Scraped caption text data:
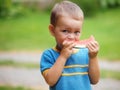 Boy eating melon Royalty Free Stock Photo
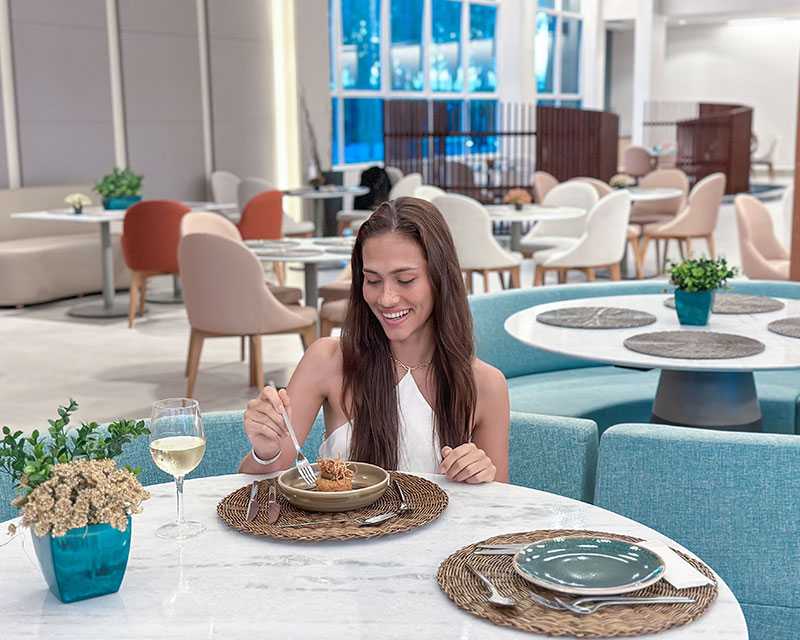 Imagem mostra mulher degustando pratos especiais no Restaurante Maka.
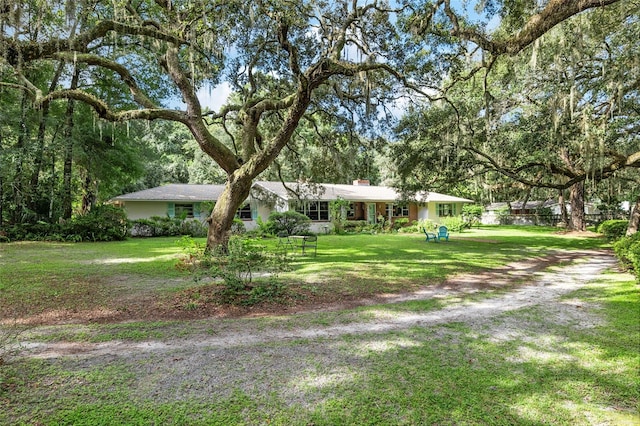 view of front of house with a front lawn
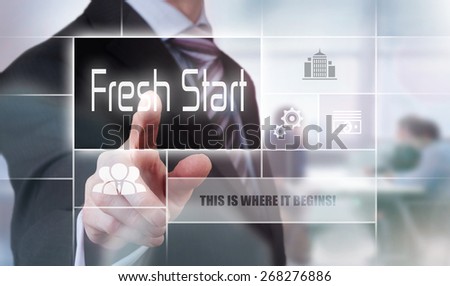 Businessman pressing a Fresh Start concept button.
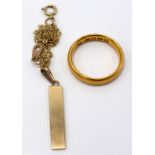 A 22ct gold band, 4.85g, together with a 9ct gold ingot pendant and chain, 2.3g.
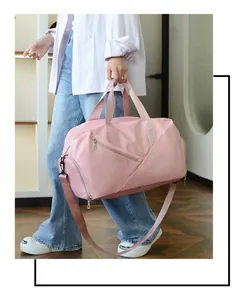 Pink multi-functional sports bag with wet-dry separation shown in a lifestyle travel setting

→ **Task instructions**: What is needed is a word-for-word copy of the data above, free of any images.

→ **Answer section**:
 Boy eating melon Royalty Free Stock Photo
 Imagem mostra mulher degustando pratos especiais no Restaurante Maka.
 view of front of house with a front lawn
 Businessman pressing a Fresh Start concept button.
 A 22ct gold band, 4.85g, together with a 9ct gold ingot pendant and chain, 2.3g.
 Pink multi-functional sports bag with wet-dry separation shown in a lifestyle travel setting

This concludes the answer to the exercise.